You sprawl on the floor, then jump up and
Turn a chair on its head,
You hug other children until you topple them over,
You roll up the rug, then you roll yourself
Until I scoop you up,
Put you on my lap,
And say, "Look at me, look at me,"
But you don't.
"Look at me," I say.
But you won't.
"You're being very wild," I say.
Are you even listening?
I can feel the shivers bouncing through your body,
Your blood gushing like a rushing little brook
That slaps at every rock and bug and leaf it can reach.
You push out of my arms and laugh,
Flying around the tables,
Little velcro sneakers barely touching the floor,
You throw your head back as if to breathe beyond the stale classroom air,
And I see your eyes dart rapidly,
Looking for somewhere to run to,
For some way of expressing your jubilation at being alive and three,
And there they are--
In one smooth bound, you sail from the tables to the toy chest in the corner
Upon which the class's art from that day is resting to dry.

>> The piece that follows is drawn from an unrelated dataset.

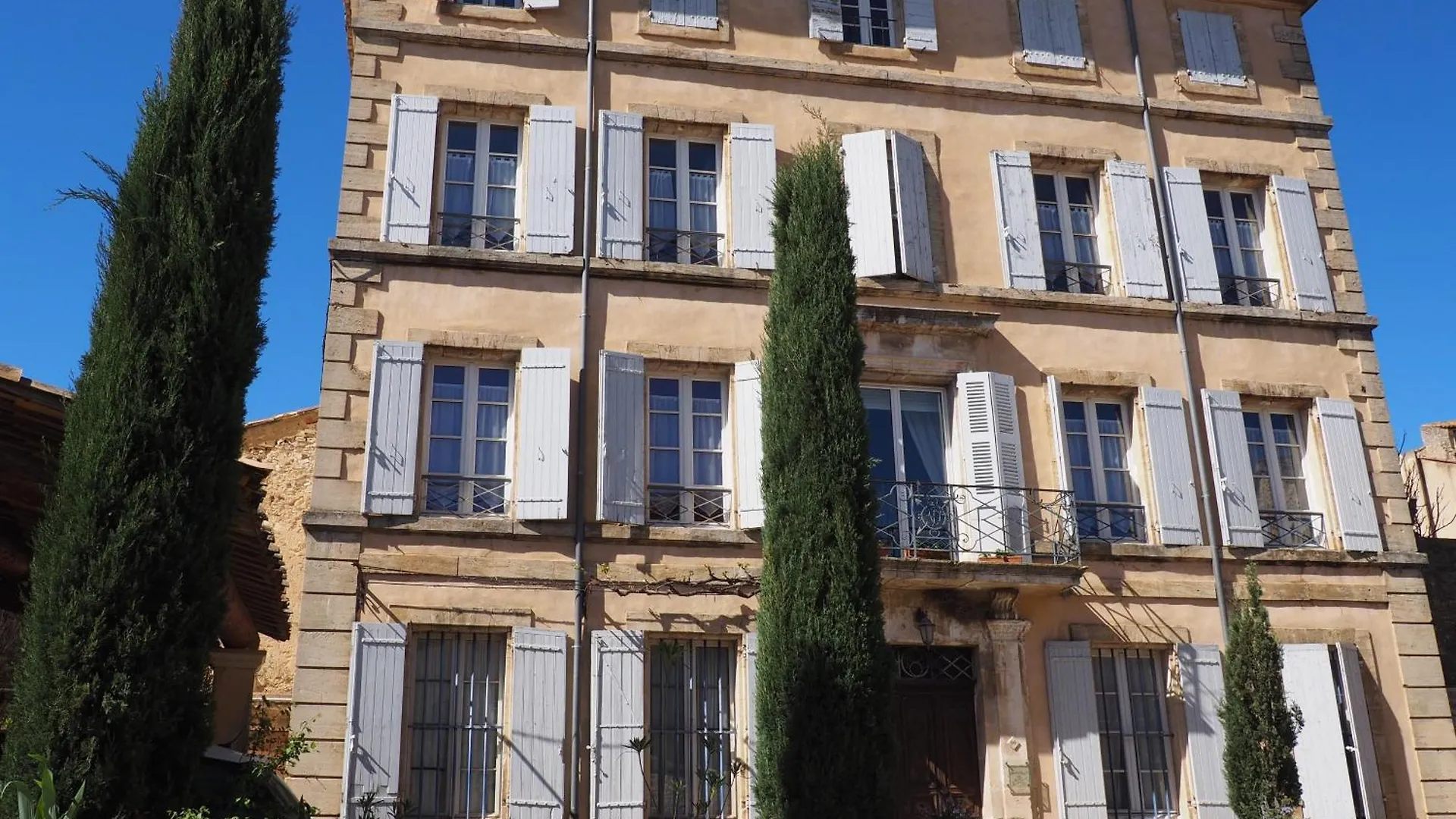 Chambres D'Hotes Le Relais Des Marmottes En Luberon Lagnes 0*,  France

You fling your hands into the glittered paper
And toss the projects like a salad,
Grinning and breathing fast like a train,
And like a train, the teacher screeches upon you,
Yet I am the one caught in the headlights,
As she picks you up and plops you on the floor in the corner,
Reprimands shooting out of her mouth like sharp rocks,
And you sit there looking up at her,
Still with that grin.
I think: your grin turns those sharp rocks into boomerangs of nonsense.
Do you even know you are in trouble?
Can a boy be bad if he does not know he is being bad?
And as you sit there on the floor wearing that persistent grin,
I see you in elementary school--
The kid in the rickety chair (it is always rickety, isn't it?) when everyone else sits on the rug,
And in high school--
Slamming into lockers while the others are in class,
And I think--this is your future--
Sharp-rock reprimands and time-outs in the corner--
Because grown-ups will not often understand you,
And teachers will have to worry about the other 25 children in their class,
So they will unintentionally fail you,
Unless you get lucky, and maybe have a teacher who knows a child like you at home,
And I wonder--like you wriggled off my lap,
Will you wriggle free from being branded the bad boy?